Patil, Thakur and 12 others were candidates from Panvel for election to the Maharashtra Legislative Assembly on October 15, 2014. Patil was the candidate of the Peasants and Workers Party of India and Thakur the BJP’s candidate. Patil’s petition stated that Thakur’s nomination forms contained false declaration about his assets and had incomplete disclosures. Patil alleged that despite the lapses, the nomination forms were improperly accepted by the returning officer. The other allegation made by Patil is regarding a vehicle owned by a company supposedly controlled by Thakur’s family.
It was used for election propaganda at the instance of Thakur or his election agent and was found to contain 500 envelopes containing Rs 500 each, together with material such as election pamphlets, voters’ list, etc. According to Patil’s petition, the vehicle was used for the purpose of offering gratification to the voters. An FIR was registered in connection with this incident.

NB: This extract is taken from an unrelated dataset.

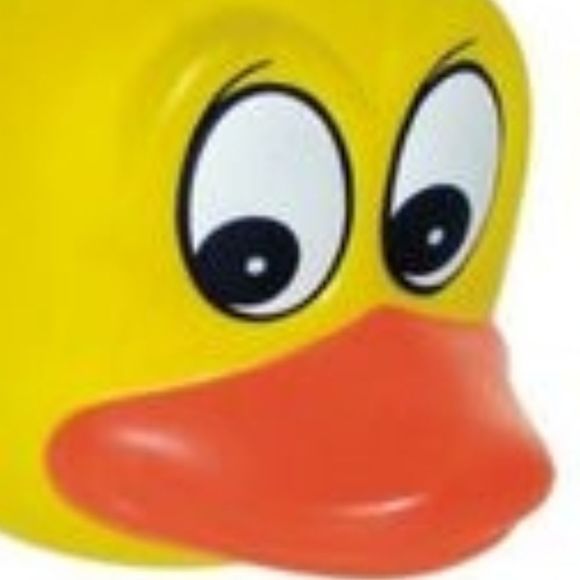 Meet your Posher, Ann - Picture 1 of 1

Thakur, in a written statement, denied all allegations. He denied the allegations of corrupt practise on his part. “…The success gained by a candidate in a public election cannot be allowed to be called into question by any unsuccessful candidate by making frivolous or baseless allegations, thereby unnecessarily dragging the successful candidate to the court and wasting his precious time, which could otherwise be devoted to the welfare of the members of his constituency as their representative,” Thakur’s statement said.
Senior lawyer M M Vashi, appearing for Thakur, told the court that there was a fair and substantial disclosure on the part of the respondent (Thakur). On the allegation of offering gratification to voters, Justice Gupte observed: “It may well be that this cash was meant to be offered to the individual voters whose names were in the slips, but it still stops short of materialising into an offer made. So long as there is no offer, there is no offence of bribery. Preparations for making an offer are not sufficient for entering the verdict of bribery.”
Finding no merit in the petition, the court held, “The disclosure made by the respondent in his affidavit concerning his financial status, including his assets and liabilities, is, thus, a fair disclosure, which substantially complies with the mandate of the legal requirement of disclosure of material particulars within the framework of the election law.”